Sport has had a long and complicated history, but what is clear is that its narrative has been built for and around men. Headlines update us on the melodrama surrounding minor league football injuries, scandals and transfers, telling an enthralling story with all the twists and turns of a never-ending soap opera. Meanwhile, we get a one-line update on the progress of our women’s hockey team in the world championships. Not only is the narrative skewed in terms of word count, but the lack of a sustained story and emotional engagement means that no one, never mind women, are remotely interested in how well our female hockey team are doing. How likely are they then to want to join their local hockey club?

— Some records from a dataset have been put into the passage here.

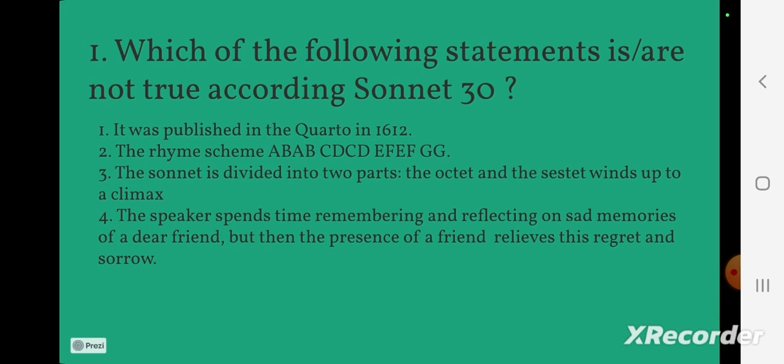The speaker spends time remembering and reflecting on sad memories of a dear friend, but then the presence of a friend relieves this regret and sorrow.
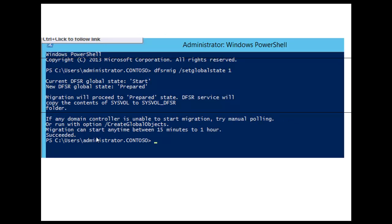Before we move into the configurations, we need to know that there are four stable states associated with the migration phases, which you can review in the required reading for this session. State 0 is the Start state. State 1 is the Prepared state. State 2 is the Redirected state. State 3 is the Eliminated state. In the Start state, FRS replicates SysVol folders among the domain controllers, and it's important to have up-to-date copies of SysVol before beginning migration to avoid any possible conflicts.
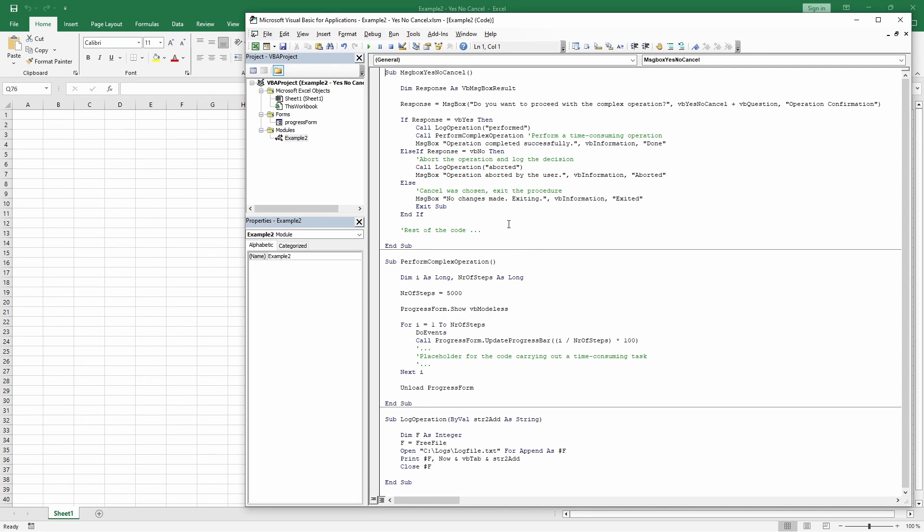Finally, this branch handles the situation when the user hits the cancel button. The special thing here is that unlike the previous branches, not even the log file will be updated, nor will anything else be done, besides informing the user with a further message box. So, the cancel option ensures no actions are taken, maintaining the current state.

How can brands therefore target women? They would have to build on the triggers and motivations for women, which are strongly rooted in lifestyle and friendship. In school, girls learn that there’s only one sporty clique, and that “The Sporty One” in her group can’t share her role. There is therefore an element of permissibility that women are subconsciously looking for, whether it’s raising money for charity, gossiping with friends over dumbbells rather than cocktails, or something worthy of an Instagram filter. A successful sports engagement campaign would acknowledge these concerns, perhaps through social media. This would not undermine women’s ready eagerness to mobilise themselves, as they have done with the inspiration of social media star Kayla Itsines. They are therefore not looking for clichéd sources of inspiration, but grassroots movements that they can bring to life with their friends locally, or even to make friends.
Beyond mobilising women and catering to health and wellness trends, brands also have the power to build a different culture around sport. They can encourage women to break taboos, and challenge patriarchal views of sport to acknowledge “feminine” pursuits such as ballet and dance not as “soft” forms of physical activity, but as equally demanding activities which deserve greater funding and participation. Many brands missed the golden opportunity of the 2012 London Olympics, but sportswear brands are determined to better capitalise on Rio this year; we can’t wait to see how far this will go towards levelling the playing field.